*Exercise objective*
Consider the listing below. Extract exactly the lines from the line containing "1024x768 // 488.0KB" to the line containing "Promotieafbeelding met Knorr", both included.

*Exercise inputs*
^^^^^^^^
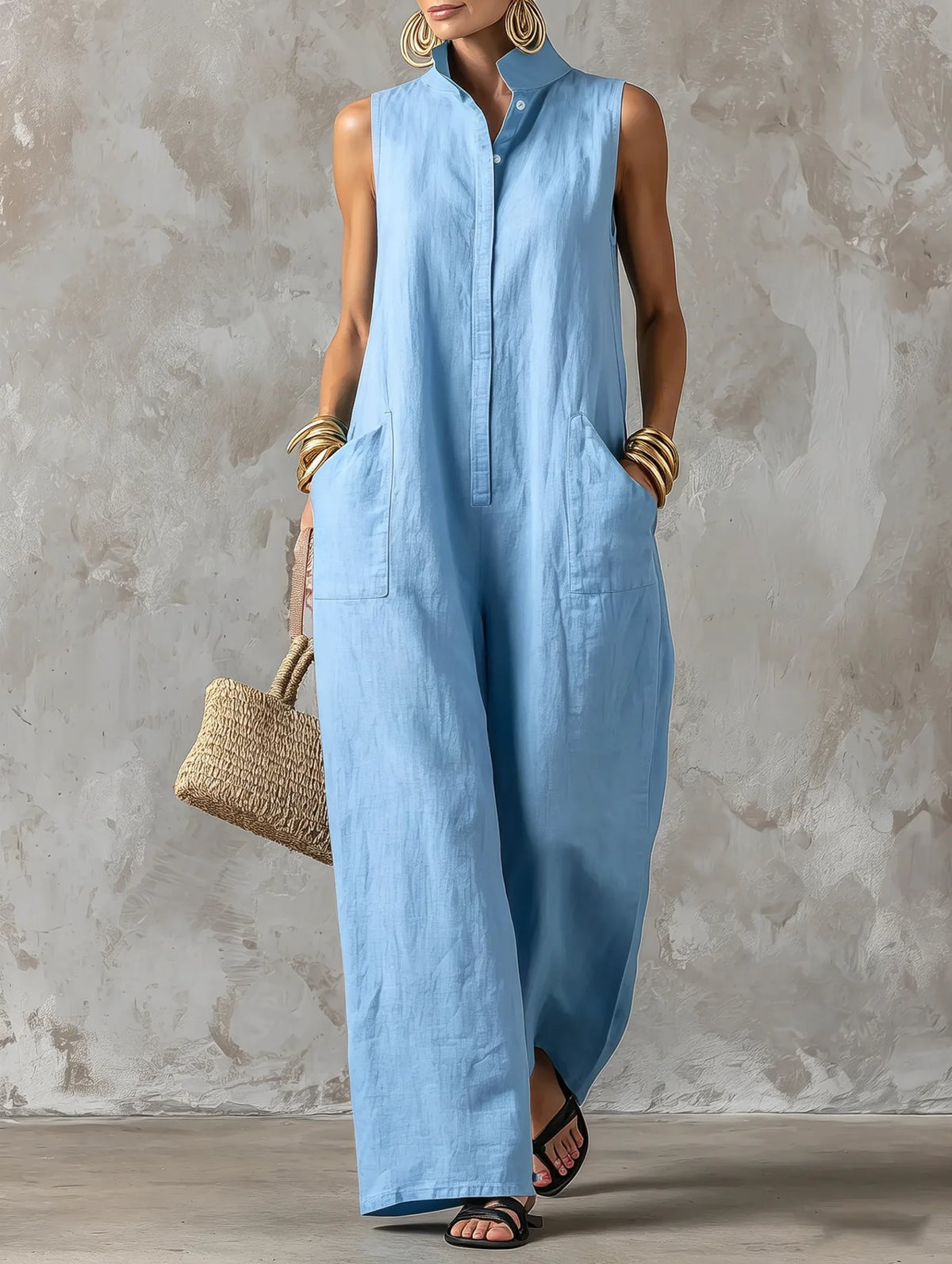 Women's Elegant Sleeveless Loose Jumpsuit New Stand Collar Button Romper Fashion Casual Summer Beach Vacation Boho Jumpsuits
^^^^^^^^
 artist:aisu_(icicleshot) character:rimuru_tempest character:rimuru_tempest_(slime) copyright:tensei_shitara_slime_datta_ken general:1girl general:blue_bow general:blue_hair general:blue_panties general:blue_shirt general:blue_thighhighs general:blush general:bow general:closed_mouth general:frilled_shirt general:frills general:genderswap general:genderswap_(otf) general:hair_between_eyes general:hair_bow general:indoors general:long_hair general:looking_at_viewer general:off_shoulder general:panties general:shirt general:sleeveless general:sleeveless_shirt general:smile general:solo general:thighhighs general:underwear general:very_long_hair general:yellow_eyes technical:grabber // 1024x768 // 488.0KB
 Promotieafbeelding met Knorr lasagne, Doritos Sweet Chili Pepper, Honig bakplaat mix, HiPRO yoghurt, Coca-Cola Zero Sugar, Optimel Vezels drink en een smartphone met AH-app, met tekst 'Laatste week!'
^^^^^^^^
*Problem solution*
 artist:aisu_(icicleshot) character:rimuru_tempest character:rimuru_tempest_(slime) copyright:tensei_shitara_slime_datta_ken general:1girl general:blue_bow general:blue_hair general:blue_panties general:blue_shirt general:blue_thighhighs general:blush general:bow general:closed_mouth general:frilled_shirt general:frills general:genderswap general:genderswap_(otf) general:hair_between_eyes general:hair_bow general:indoors general:long_hair general:looking_at_viewer general:off_shoulder general:panties general:shirt general:sleeveless general:sleeveless_shirt general:smile general:solo general:thighhighs general:underwear general:very_long_hair general:yellow_eyes technical:grabber // 1024x768 // 488.0KB
 Promotieafbeelding met Knorr lasagne, Doritos Sweet Chili Pepper, Honig bakplaat mix, HiPRO yoghurt, Coca-Cola Zero Sugar, Optimel Vezels drink en een smartphone met AH-app, met tekst 'Laatste week!'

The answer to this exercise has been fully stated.